本実施形態で説明した鉛蓄電池40は、二次電池の一例である。電源システム120において、鉛蓄電池に代えて、鉛蓄電池以外の二次電池を適用してもよい。
制御装置30は、コンピュータにより実現されてよい。コンピュータがプログラムを実行することにより、プログラムは、コンピュータが有するプロセッサおよびメモリ等の各部を制御して、制御装置30として機能させてよい。当該プログラムは、コンピュータを、充放電制御部32、検出部34、取得部36、及び判定部38として機能させ、図5等に関連して説明した制御方法を実現してよい。
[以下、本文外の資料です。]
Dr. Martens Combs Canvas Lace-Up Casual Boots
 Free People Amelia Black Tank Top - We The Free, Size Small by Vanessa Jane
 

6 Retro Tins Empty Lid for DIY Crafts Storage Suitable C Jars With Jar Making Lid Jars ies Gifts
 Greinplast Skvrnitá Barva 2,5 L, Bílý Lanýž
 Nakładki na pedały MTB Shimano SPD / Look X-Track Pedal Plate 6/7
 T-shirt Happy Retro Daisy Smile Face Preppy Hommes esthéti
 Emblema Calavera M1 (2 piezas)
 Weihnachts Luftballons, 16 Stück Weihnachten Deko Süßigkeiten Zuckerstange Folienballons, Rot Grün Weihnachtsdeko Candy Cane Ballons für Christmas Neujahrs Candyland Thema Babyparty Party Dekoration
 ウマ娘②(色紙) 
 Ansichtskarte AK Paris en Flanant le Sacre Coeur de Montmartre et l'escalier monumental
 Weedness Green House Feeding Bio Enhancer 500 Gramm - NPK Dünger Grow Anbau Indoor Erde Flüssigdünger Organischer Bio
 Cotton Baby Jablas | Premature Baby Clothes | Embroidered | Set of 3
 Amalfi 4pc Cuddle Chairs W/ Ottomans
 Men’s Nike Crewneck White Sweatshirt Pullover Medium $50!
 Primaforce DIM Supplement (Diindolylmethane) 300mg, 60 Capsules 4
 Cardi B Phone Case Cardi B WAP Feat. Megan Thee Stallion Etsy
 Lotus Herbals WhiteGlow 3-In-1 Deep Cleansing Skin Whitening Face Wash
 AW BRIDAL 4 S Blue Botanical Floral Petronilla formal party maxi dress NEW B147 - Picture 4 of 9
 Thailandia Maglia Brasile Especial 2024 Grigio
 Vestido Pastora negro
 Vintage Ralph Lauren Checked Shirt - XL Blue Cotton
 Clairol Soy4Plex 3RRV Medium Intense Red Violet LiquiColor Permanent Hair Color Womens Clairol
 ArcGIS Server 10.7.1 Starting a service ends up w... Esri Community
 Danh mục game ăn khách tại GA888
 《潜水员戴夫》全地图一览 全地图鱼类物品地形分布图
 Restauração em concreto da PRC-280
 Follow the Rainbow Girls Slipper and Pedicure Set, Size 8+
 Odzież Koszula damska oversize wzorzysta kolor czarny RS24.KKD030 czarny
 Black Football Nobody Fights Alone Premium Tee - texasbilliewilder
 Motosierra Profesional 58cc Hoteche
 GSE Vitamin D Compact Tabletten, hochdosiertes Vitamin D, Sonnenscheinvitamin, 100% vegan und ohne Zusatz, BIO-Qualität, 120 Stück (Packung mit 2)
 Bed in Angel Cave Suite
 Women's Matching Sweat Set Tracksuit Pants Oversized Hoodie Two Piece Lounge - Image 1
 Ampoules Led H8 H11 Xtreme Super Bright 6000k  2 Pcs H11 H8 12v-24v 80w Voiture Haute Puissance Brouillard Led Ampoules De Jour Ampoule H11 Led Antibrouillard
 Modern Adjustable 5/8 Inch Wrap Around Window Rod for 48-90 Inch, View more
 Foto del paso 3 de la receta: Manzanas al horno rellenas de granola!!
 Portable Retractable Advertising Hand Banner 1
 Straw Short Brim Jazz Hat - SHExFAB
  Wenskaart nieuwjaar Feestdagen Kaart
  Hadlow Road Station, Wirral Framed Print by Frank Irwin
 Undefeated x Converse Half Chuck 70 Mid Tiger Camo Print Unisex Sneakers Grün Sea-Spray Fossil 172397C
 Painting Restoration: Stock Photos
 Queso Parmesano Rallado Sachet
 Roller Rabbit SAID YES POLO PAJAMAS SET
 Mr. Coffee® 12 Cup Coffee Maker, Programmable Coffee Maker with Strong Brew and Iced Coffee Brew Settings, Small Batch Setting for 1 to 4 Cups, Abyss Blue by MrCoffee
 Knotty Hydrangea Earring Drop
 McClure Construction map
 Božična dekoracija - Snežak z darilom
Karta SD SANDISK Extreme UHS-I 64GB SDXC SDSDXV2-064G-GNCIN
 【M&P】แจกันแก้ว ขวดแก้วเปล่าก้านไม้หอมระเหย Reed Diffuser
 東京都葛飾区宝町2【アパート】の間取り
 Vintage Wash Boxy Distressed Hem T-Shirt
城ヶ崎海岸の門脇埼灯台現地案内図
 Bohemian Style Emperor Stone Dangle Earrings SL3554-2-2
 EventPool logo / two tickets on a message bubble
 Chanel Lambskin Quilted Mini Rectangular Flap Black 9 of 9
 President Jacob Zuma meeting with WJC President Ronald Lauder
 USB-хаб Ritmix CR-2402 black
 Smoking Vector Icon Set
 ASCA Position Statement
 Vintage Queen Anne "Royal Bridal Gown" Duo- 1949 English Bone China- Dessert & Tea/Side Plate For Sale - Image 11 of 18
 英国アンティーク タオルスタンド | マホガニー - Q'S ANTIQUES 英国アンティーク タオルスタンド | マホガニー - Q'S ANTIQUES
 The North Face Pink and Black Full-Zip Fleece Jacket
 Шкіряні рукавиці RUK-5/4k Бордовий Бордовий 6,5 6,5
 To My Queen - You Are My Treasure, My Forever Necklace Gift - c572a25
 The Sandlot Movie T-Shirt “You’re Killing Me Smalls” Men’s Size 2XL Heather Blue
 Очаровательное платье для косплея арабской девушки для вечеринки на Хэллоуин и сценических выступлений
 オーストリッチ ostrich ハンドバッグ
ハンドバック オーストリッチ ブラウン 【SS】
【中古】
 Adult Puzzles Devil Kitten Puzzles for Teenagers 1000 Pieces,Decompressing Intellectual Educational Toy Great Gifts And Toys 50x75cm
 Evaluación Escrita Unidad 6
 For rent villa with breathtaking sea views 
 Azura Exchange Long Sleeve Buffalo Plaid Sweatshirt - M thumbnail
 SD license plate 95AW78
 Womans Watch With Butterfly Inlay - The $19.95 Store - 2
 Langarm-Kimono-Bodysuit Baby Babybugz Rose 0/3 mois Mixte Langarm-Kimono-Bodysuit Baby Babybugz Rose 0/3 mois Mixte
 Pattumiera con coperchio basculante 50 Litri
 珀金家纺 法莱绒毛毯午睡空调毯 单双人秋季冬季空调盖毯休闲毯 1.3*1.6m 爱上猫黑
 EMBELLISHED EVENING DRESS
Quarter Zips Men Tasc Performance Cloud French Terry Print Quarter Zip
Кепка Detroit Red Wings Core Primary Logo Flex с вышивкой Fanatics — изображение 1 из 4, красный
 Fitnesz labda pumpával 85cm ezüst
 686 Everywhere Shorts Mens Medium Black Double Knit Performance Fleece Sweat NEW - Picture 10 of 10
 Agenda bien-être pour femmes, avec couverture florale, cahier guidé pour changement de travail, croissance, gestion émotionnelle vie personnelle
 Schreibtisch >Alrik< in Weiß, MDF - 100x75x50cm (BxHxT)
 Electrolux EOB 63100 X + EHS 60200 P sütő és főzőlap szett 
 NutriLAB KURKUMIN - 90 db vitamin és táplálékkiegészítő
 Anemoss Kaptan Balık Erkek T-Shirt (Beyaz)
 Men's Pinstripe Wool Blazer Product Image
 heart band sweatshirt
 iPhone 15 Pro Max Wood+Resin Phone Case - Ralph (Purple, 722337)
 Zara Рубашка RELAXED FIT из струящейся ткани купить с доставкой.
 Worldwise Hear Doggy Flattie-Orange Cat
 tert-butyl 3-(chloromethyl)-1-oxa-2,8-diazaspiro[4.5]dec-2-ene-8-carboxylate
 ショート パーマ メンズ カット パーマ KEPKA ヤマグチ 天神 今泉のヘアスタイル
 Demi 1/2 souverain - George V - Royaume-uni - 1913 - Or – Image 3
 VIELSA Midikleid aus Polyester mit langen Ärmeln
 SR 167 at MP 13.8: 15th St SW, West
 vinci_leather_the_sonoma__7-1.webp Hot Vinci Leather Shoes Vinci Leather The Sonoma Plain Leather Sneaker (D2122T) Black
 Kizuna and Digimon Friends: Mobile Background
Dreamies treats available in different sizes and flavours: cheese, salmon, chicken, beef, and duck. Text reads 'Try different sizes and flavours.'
以上、本発明を実施の形態を用いて説明したが、本発明の技術的範囲は上記実施の形態に記載の範囲には限定されない。上記実施の形態に、多様な変更または改良を加えることが可能であることが当業者に明らかである。その様な変更または改良を加えた形態も本発明の技術的範囲に含まれ得ることが、特許請求の範囲の記載から明らかである。
特許請求の範囲、明細書、および図面中において示した装置、システム、プログラム、および方法における動作、手順、ステップ、および段階等の各処理の実行順序は、特段「より前に」、「先立って」等と明示しておらず、また、前の処理の出力を後の処理で用いるのでない限り、任意の順序で実現しうることに留意すべきである。特許請求の範囲、明細書、および図面中の動作フローに関して、便宜上「まず、」、「次に、」等を用いて説明したとしても、この順で実施することが必須であることを意味するものではない。